Porous sulphur copolymer for gas-phase mercury removal and thermal insulation

Abstract

Removal of gas-phase mercury is vital in gas processing industries. Herein, we report the preparation of porous sulphur copolymers for capturing elemental mercury (Hg(0)) in the gas phase. Porous sulphur copolymers were prepared using porogen and an inverse-vulcanisation technique. Sulphur powder was mixed with a water-soluble porogen (NaCl) and cross-linked with divinyl benzene (DVB) at 165°C, and the porous structure was later obtained by dissolving the porogen in water. The porosity of the copolymer was controlled by varying the amount of salt and cross-linker. The effect of pore volume and temperature on the adsorption of mercury from gas phase has been estimated.

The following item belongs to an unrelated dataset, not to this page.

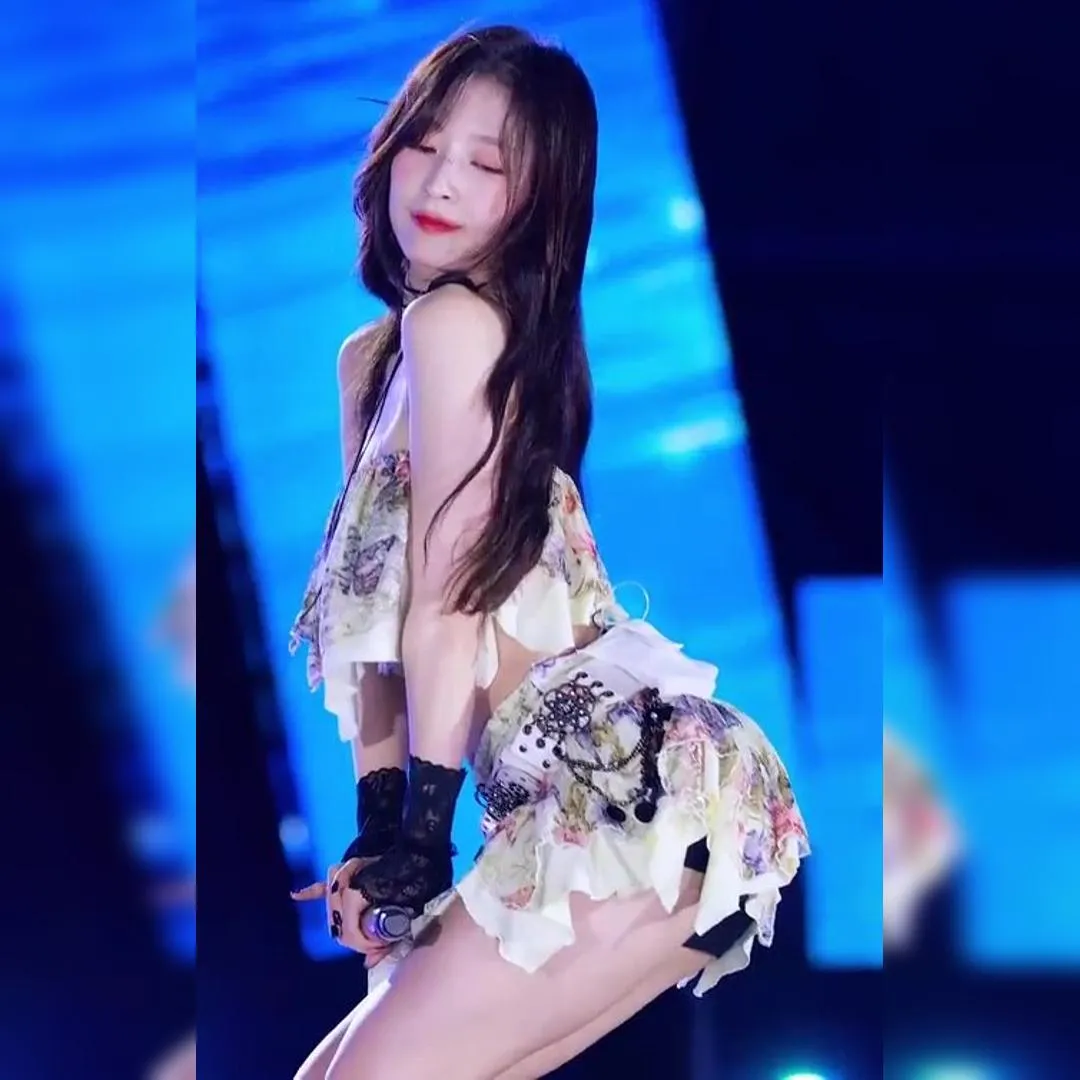 꽃튜브탑 통통 튀는 알가슴골 엉벅지 오마이걸 아린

Samples with larger pore volumes showed a significant increase in adsorption capacity, reaching approximately 151µg/g at 60°C. High sulphur content and the porous structure enhanced the adsorption capacity. Furthermore, the thermal conductivities of the porous copolymers were studied at a range temperature. Copolymers with relatively high cross-link densities showed the very low thermal conductivity of approximately 0.048W/mK at 25°C, which is much lower than that of pristine sulphur. Abundant availability of sulphur and a simple method of preparation could make porous sulphur copolymers potential candidates for mercury capture and thermal insulation.